START Extracted data

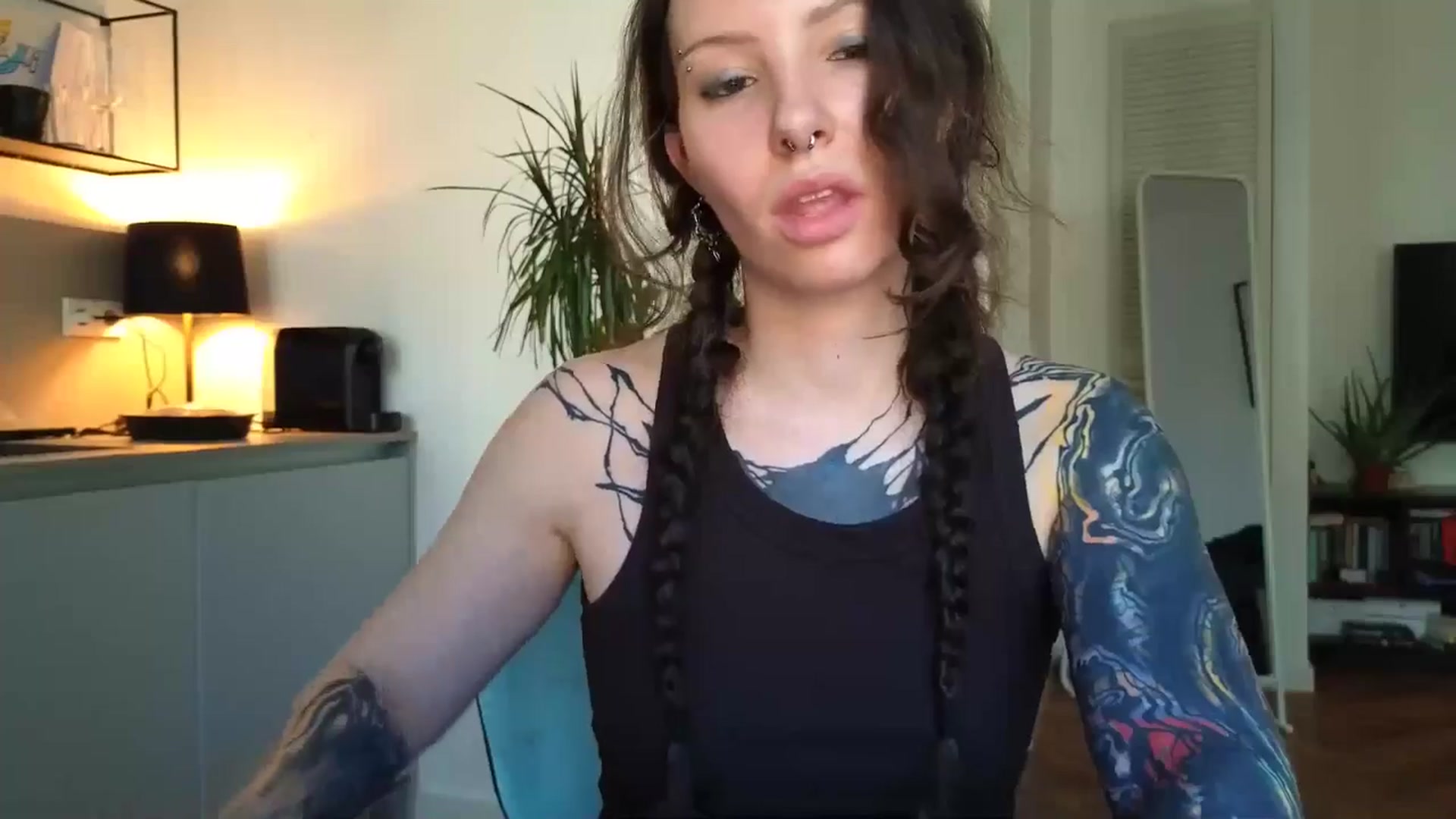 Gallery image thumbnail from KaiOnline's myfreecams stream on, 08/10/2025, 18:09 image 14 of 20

END Extracted data
START Extracted data

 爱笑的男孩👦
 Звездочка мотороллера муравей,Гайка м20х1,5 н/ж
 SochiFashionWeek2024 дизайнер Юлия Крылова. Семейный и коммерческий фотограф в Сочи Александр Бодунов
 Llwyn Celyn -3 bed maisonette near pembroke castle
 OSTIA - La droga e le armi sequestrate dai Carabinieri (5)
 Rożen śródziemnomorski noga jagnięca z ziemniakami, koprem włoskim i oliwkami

END Extracted data

**Exercise requirements**
Look through the entries above and quote exactly the lines from the line with "Llwyn Celyn -3" to the line with "Rożen śródziemnomorski noga", counting both of those lines.

**Task response**
 Llwyn Celyn -3 bed maisonette near pembroke castle
 OSTIA - La droga e le armi sequestrate dai Carabinieri (5)
 Rożen śródziemnomorski noga jagnięca z ziemniakami, koprem włoskim i oliwkami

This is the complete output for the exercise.